Reading Shakespeare's Coriolanus, Spolsky argues that Coriolanus's
refusal to "exhibit" his wounds is rooted in prevalent systems of
cultural knowledge. Drawing on the figure of Doubting Thomas in Shakespeare's
own time, she shows Coriolanus to be a "failed saviour". Reading
Othello, Spolsky argues that the woman's body becomes the source of
knowledge. Iago, notes Spolsky, generates visual imaginings for Othello. Spolsky
concludes: "Othello is the victim of his own powerful ability to go beyond
simple misinterpretation of visual interpretation" (68).
Spolsky argues that Renaissance erotic pastoral (she takes Tasso, the minor
playwright Lewis Machin, and Longus' Daphnis and Chloe as examples)
was actually an attempt to negotiate the tension between country and city.
Spolsky's virtuoso reading demonstrates how the country was seen as the site
of knowledge - primarily sexual - different in quality from the city's book-learning.
Pastoral art promises rare knowledge and this accounts for its popularity
in the early modern period: "the pastoral genre argues that baring nature
to vision, although it allows sin, can also teach, and not just about sex"
(129). Spolsky looks at numerous visual representations of the Susanna tale,
and notes the significance of Daniel's role in constructing a whole epistemological
model. Pastoral conventions contribute significantly to the way in which Susanna's
body (and that of the old voyeuristic elders and the youthful Daniel) becomes
a space of knowledge organization. Moving on to Dutch landscape art, Spolsky
draws a link between pastoralism, seventeenth-century iconoclasm and skepticism.

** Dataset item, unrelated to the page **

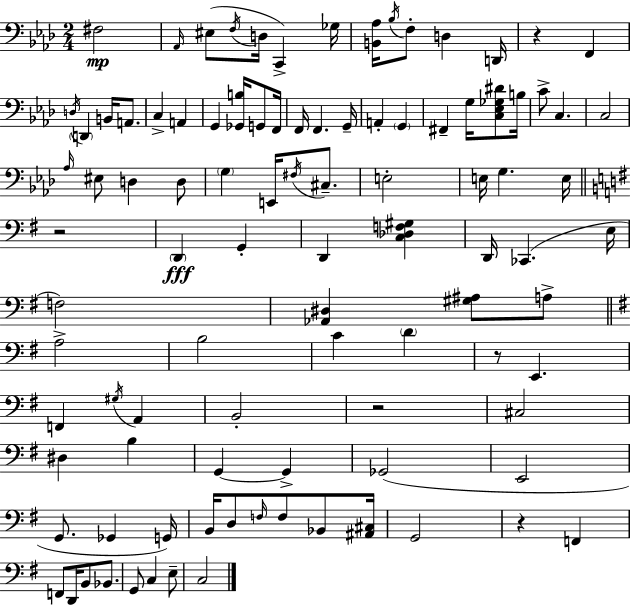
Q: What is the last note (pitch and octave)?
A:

She suggests that each of these relies on the viewer's ability to make analogies
through her/his body.
According to Spolsky, in the Arcadia Philip Sidney was attempting
the movement from unknowing to knowing. Sidney, writing when Catholic-Protestant
tensions ran high, offers a 'Protestant utopia' (172), where the sensual and
the erotic image could be used to teach moral behaviour. This argument is
extended to what Spolsky calls "Protestant tragicomedy": Sidney
and other pastoral artists of his time were unable to resolve the paradox
that while images can teach, they cannot always control what they teach.
Spolsky's is a valuable addition to cultural studies of the early modern
period. Her attention to textual evidence, larger "processes" of
historical change, and the resolute interdisciplinarity make this a fascinating
read. Textual readings of Othello or the comic pastoral, for instance,
demonstrate how early modern epistemology informed - and was in turn informed
by - by theological debates, considerations of public good, monarchic and
aristocratic needs and prejudices. Spolsky's work explores the discursive
limits of early modern epistemology and skepticism while locating them in
the historical conditions that constructed these limits.
This historical consciousness makes it puzzling as to why there are, at
least in my reading, three significant omissions in Spolsky. First, there
is almost no discussion of the arrival of printing and its impact on theories
of knowledge in early modern Europe (Elizabeth Eisenstein and Nigel Wheale's
work are crucial here). Spolsky refers to the private "readings"
of Sidney and the massive public spectacles of London shows, but ignores,
for instance, the large increase in printed material available for consumption,
or the changes in literacy patterns. Secondly, in a book on "embodied"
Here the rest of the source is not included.